This response has been what Kim Moody and others have characterized as an “organized retreat.” At times expressed as old-guard clueless myopathy and at other times expressed through a “militant” approach to concessionary bargaining, using consumer campaigns, “show strikes” and other kinds of shortcut, tactical “leverage,” really anything at all besides concerted preparation to strike-to-win, with of course a handful of notable exceptions. For union officials, and I think it's fair to say particularly for public sector union leadership, their individual and small-group position as leaders – well-paid and protected from the squeeze on the shop floor and in the realm of social reproduction – the hold on that position depends not on winning gains for workers, or even preventing major losses, but on a two-fold grip on control of bargaining and of offering themselves as brokers to the Democratic Party, a source of a solid voter constituency as well as of well trained and reliable election-cycle activists willing to put leather to pavement and phone to ear to get out the vote for the candidates their union endorsed. The process of this death spiral has seen leaders retreat to smaller areas of control, in terms of labor market sectors, in terms of the number and kinds of workplaces, and in terms of political geography, focusing on reliable blue and union one-party cities and states, even as union density, the legal regime and geographic coverage of closed shop and “blue” strongholds have continued to shrink.

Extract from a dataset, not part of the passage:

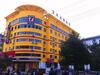 Hotel 7days Inn Ji'an County Junshan Avenue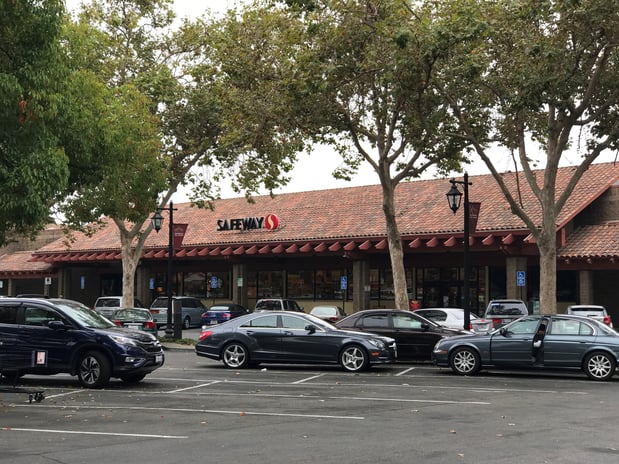 Images Safeway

Most horrifically in recent memory, this dynamic played out in the Wisconsin Uprising of 2011, when workers took direct action against a legislative assault on public sector workers. Anticipating West Virginia teachers, Wisconsin public sector workers began pushing the logic of the state, their unions and the electoral mode. The protests took the form of occupation of the state house that developed over weeks and culminated in a kind of de facto general strike; union leaders and embattled Democratic Party politicians led a concerted effort to redirected the energy into a failed recall effort for Governor Walker, effectively neutering the power and potential expansion of the direct, mass political strategy, and resulting in total defeat.
The consequences were dire, lending energy to the spread of reactionary policies and power of right-wing politicians across the Midwest. Right-to-work legislation spread, seemingly overnight across what was once the geographical heart of the United States labor movement, to the point where the final blow of the Janus decision is something of an afterthought, approached with a sense of resignation and by many union leaderships as nothing more than a rhetorical talking point, and focus of fundraising appeals, or at best anemic membership drives.
While this defeat certainly hurt labor leaders too, their weak response can't simply be understood as a mistake. When workers’ democracy and organized power begins to exceed the logic of the state, electoral politics and union officialdom, union leaders are caught between a rock and a hard place; they are threatened by the austerity and anti-union assault and the slow demise of their dues base, but they also become extremely vulnerable to ouster by newly organized and angry workers who inevitably begin to criticize and challenge the decades of official union collaboration and capitulation to concession. From the perspective of officials, organized workers in motion are always a more immediate threat to their jobs, no matter how bad things otherwise get.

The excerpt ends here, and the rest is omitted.